As the school year furthered and I had gotten used to the American pace of life, I started to wonder and analyze the life I had lived before in the Old World. I thought about my day-to-day life, my friends, my high school, my family, my part-time job, my fears about growing up and not being able to find myself and I came to the conclusion of how irrelevant it all seemed. The person I had been a year ago seemed like a distant memory, a mere acquaitance of a life once lived. Everything that was once the centre of my universe seemed so utterly pointless, I had grown, learned and finally felt complete all in the time span of a year.
That being said, the anticipation of my return wasn't high. How could I leave my new build life only to go back to the old? I had had my spiritual awakening, did I really go through the trouble of the Renaissance only to return to the Dark Ages? I felt dreadful about leaving, but then again, I couldn't stay. Summer break arrived and all my American peers retreated back into their homes, there was nothing left for me but to do the same.
I finished "In a Dark, Dark Wood", a book I bought at the airport with the hope that it would keep my mind of the situation during my plane ride. The situation being that I wasn't looking forward at all to being home for three months and that the premise of the book didn't deliver. My plane landed and I felt numb. One particular question came to mind: What is left for me here?
My parents took me back to our house and I instantly saw how nothing had changed. Or did it? I was so blinded by how much I had changed that I never even considered that home could have changed as well. Yes my life there had been something of the past, but the place itself wasn't. It might not have changed as radically as I have, I mean I did cross an ocean, but that doesn't mean that you can't see the little changes that had taken place in my absence. The difference might not have been as clear at first glance, but it was all around. My younger brother's friends were taller, roads had been renewed, old shops had been replaced by new shops and all my friends had been building new lives at their respective universities as well. Had I been so arrogant in thinking that only I could change?
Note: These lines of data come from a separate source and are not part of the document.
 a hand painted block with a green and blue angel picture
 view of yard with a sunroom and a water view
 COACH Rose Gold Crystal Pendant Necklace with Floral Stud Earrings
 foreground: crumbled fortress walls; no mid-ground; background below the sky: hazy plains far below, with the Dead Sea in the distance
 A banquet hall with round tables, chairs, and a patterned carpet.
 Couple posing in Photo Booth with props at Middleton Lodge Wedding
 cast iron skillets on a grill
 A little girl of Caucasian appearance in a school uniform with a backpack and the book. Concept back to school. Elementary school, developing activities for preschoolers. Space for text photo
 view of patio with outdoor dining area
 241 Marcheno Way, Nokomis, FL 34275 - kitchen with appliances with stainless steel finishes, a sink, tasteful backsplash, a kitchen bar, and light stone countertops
Going to the U.S. on my own has picked me up, shook me around and changed me to the core. I might have changed fundamentally, but that doesn't mean that nothing else has either. Of course everything I had been through was different, new and exciting, but I came to realize that that was only the case for me and not for Cleveland natives. If they had gone to Amsterdam all those would be applicable to them and they would be bored by the idea of having to go back to Ohio.
Every experience is subjective and by admitting that we can grow as a person but also don't reject everything that we have known our entire lives and has shaped us into the person we have become. It is good to challenge what you already know, but don't forget where you came from.